─── Task material ───

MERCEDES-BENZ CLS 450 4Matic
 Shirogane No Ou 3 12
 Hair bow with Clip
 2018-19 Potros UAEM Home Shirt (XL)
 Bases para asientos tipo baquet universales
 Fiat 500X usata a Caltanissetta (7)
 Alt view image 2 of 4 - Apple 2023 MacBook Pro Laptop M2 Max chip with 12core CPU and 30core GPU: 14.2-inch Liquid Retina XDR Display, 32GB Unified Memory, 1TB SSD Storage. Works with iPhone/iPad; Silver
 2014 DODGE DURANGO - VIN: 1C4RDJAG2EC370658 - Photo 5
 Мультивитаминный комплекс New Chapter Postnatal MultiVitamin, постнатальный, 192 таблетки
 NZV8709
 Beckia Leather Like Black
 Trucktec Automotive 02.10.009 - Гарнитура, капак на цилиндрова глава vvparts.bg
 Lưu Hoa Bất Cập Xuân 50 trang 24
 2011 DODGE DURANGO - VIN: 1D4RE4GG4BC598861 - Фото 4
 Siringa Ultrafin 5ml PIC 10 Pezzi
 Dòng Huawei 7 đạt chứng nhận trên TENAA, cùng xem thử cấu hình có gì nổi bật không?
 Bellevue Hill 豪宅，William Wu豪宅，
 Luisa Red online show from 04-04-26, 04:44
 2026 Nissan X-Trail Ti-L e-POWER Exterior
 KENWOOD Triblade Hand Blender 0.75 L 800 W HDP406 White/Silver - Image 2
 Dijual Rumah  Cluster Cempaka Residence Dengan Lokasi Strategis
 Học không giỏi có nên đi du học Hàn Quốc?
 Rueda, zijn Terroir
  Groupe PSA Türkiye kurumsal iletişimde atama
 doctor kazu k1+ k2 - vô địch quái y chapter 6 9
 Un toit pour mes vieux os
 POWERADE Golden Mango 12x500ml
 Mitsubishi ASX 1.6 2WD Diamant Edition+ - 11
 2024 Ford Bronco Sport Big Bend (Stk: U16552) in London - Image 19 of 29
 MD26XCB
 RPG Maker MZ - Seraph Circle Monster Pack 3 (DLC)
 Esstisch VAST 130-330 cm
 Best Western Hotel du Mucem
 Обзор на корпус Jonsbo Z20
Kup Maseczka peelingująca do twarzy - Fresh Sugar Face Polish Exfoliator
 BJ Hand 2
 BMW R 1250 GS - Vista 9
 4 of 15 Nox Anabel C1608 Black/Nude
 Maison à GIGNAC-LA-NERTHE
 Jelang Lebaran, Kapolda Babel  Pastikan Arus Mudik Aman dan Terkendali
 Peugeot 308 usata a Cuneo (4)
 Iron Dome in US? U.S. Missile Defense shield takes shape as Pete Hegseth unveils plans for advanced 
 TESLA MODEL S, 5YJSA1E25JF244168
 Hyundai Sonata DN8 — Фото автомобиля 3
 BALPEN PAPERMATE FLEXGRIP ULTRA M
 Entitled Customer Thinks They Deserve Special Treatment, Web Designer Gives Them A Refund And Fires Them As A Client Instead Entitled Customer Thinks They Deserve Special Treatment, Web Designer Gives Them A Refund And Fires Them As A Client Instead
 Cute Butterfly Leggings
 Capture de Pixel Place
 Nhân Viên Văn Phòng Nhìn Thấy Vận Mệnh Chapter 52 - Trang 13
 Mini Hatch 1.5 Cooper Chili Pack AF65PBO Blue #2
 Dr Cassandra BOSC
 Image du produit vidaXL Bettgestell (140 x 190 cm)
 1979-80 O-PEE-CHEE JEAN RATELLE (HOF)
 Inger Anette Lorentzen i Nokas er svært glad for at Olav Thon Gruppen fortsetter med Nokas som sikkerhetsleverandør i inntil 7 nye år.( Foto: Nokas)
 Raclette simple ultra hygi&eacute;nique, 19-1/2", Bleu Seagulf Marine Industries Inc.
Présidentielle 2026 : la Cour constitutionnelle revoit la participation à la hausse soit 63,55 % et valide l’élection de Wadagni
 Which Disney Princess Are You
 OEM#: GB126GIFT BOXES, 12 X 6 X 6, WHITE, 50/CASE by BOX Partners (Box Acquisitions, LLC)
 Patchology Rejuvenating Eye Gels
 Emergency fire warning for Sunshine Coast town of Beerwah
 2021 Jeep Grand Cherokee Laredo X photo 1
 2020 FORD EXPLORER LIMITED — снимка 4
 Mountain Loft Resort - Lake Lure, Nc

───

• _What you should do_
Write out only the lines that run from the line containing "2011 DODGE DURANGO" through the line containing "2026 Nissan X-Trail Ti-L e-POWER Exterior", both included, exactly as they appear above.

• _Answer for the task_
 2011 DODGE DURANGO - VIN: 1D4RE4GG4BC598861 - Фото 4
 Siringa Ultrafin 5ml PIC 10 Pezzi
 Dòng Huawei 7 đạt chứng nhận trên TENAA, cùng xem thử cấu hình có gì nổi bật không?
 Bellevue Hill 豪宅，William Wu豪宅，
 Luisa Red online show from 04-04-26, 04:44
 2026 Nissan X-Trail Ti-L e-POWER Exterior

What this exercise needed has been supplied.